TASK BRIEF ->
Lines in the following data that contain the string "Print" are to be counted. Report only their number.

RECORDS FOR PROCESSING ->
↓

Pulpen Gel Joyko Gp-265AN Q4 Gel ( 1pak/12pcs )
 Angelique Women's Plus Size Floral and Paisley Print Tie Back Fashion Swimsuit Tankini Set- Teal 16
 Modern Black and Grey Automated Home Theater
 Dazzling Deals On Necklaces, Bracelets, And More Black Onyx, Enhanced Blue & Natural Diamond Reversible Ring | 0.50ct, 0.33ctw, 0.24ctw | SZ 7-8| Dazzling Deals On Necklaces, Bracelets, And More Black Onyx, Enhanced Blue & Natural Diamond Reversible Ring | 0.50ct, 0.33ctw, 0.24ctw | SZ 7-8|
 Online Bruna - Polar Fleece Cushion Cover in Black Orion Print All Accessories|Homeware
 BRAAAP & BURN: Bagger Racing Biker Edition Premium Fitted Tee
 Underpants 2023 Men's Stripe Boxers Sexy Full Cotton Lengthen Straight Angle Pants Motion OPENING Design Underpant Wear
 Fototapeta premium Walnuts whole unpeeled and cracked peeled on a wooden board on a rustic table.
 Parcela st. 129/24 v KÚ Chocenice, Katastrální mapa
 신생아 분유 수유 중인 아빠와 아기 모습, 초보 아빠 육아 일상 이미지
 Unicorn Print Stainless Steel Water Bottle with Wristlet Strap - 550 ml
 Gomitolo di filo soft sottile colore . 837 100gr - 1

↑

SOLUTION ->
3